Market price of risk
It represents the excess return over the risk free rate per unit of volatility in return for an investor taking on this additional volatility.
How do modellers use the risk-neutral approach to pricing in practice?
When modellers use this approach to pricing, from the practical point of view they normally start by specifying the dynamics of r(t) under Q in order to calculate bond prices. Second, they specify the market price of risk as a component of the model, and this allows us to determine the dynamics of r(t) under P.
Discuss the drawbacks of the Vasicek model
The Vasicek model suffers from a number of drawbacks. The most obvious one of these is that interest rates can go negative. Sometimes this is not a particular problem: for example, if the probability of negative rates is small, possibly because the time horizon is short. In other cases the probability and severity of negative interest rates can be significant.
Main advantage of the Hull-White model
An advantage of the Hull-White model is that it allows us to price interest rate linked contracts more accurately.
This is important for a variety of reasons.
1. In insurance, the fair value of fixed liabilities (with no option characteristics) must accurately reflect the current observed term structure of interest rates. The use of the Vasicek or CIR model, even after fitting the model to the current term structure, might introduce some bias into the fair value.
2. Bond and interest rate derivatives traders want to be able to quote prices that are in line with prices being quoted by other traders. This is facilitaded by the use of models like the HW model and other, more sophosticated, no-arbitrage models.

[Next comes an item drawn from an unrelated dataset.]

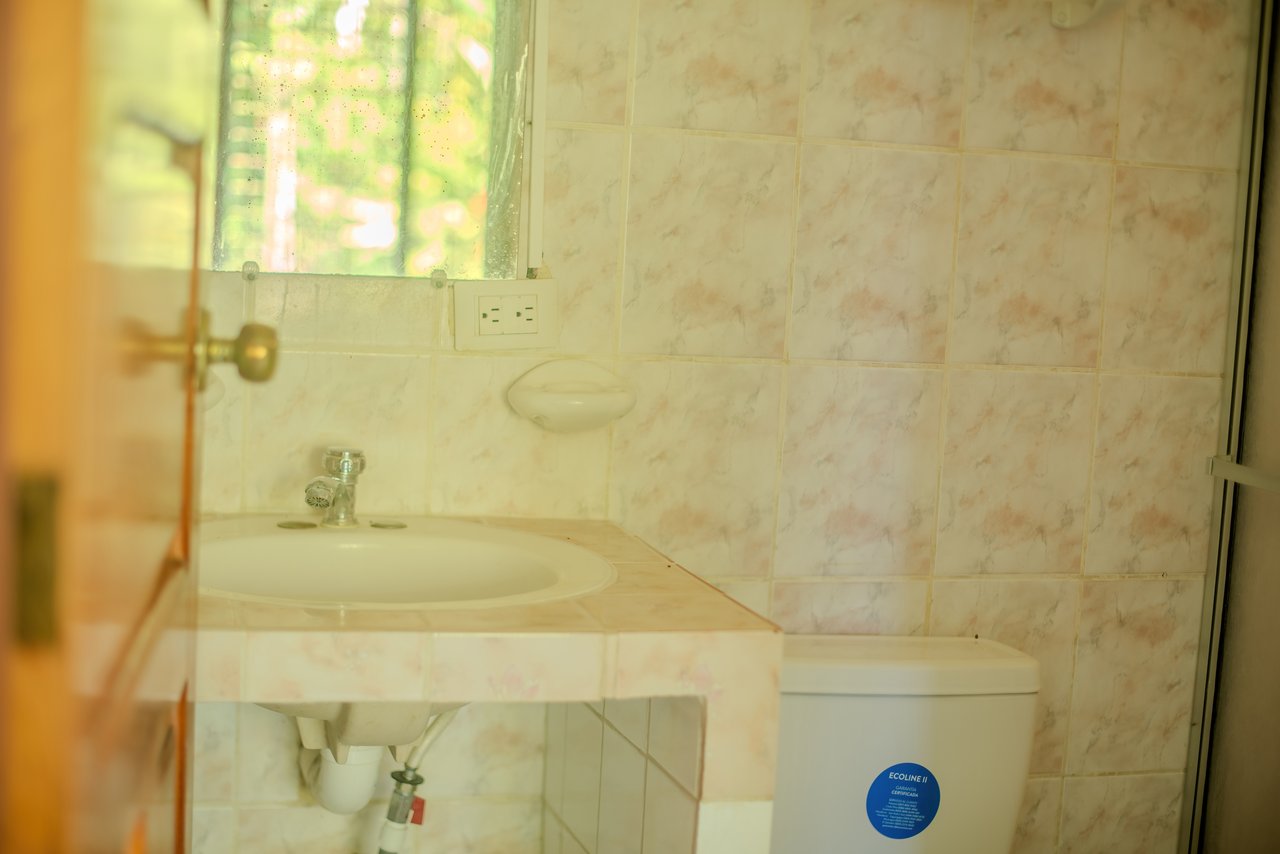 Vista Serena, beautiful House surrounded by nature in Villa Nueva de Quepos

Main drawback of the Hull-White model
The HW model suffers from the same drawback as the Vasicek model, namely that the interest rates might become negative.

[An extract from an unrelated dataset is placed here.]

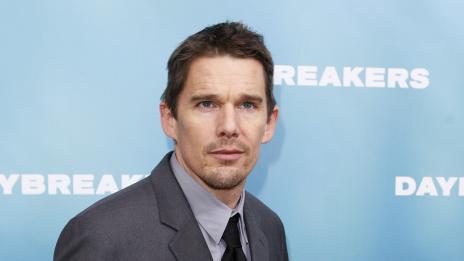 Итън Хоук: Анджелина Джоли кара мъжете да се чувстват слаби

3 main limitations of one-factor term-structure models
- If we look at historical interest rate data we can see that changes in the prices of bonds with different terms to maturity are not perfectly correlated, as one would expect to see if a one-factor model was correct.
[Sometimes we even see, for example, that the short-dated bonds fall in price while long-dated bonds go up. Recent research has suggested that around three factors, rather than one, are required to capture most of the randomness in bonds of different durations.] - If we look at the long run of historical data we find that there have been sustained periods of both high and low interest rates with periods of both high and low volatility.

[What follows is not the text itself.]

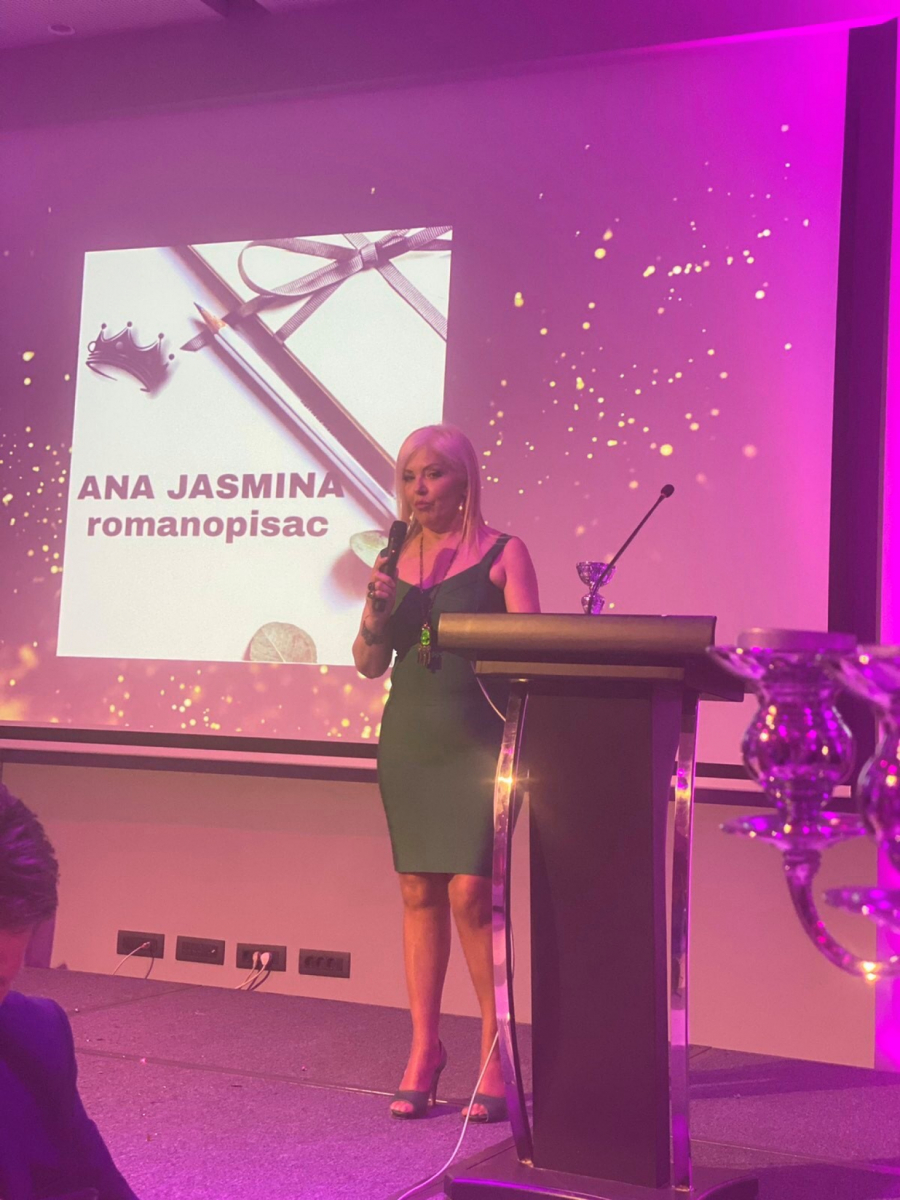 Spisateljica Jasmina Ana dobila prestižnu nagradu: Elitna prostitutka roman godine!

[Again, these are features that are difficult to capture without introducing more random factors into a model. This issue is especially important for two types of problems in insurance:
- the pricing and hedging of long-dated insurance contracts with interest rate guarantees.
- asset-liability modelling and long-term risk-management.] - We need more complex models to deal effectively with derivative contracts that are more complex than, say standard European call options.
[For example, any contract that makes reference to more that one interest rate should allow these rates to be less than perfectly correlated.]
Discuss in general terms the use of multifactor models
There are a great many multifactor models. Often these have been designed in order to tackle specific problems. Students should always remember that models that were designed for and are good for one specific task may not be suitable for quite a different task. For example, models that are widely used by investment banks for pricing and hedging short-term derivatives may not be suitable for use in long-term asset liability modelling studies.
One factor models can be used as tools for the valuation of what two things?
One factor models have their place as tools for the valuation of simple liabilities with no option characteristics, or short-term, straightforward derivative contracts.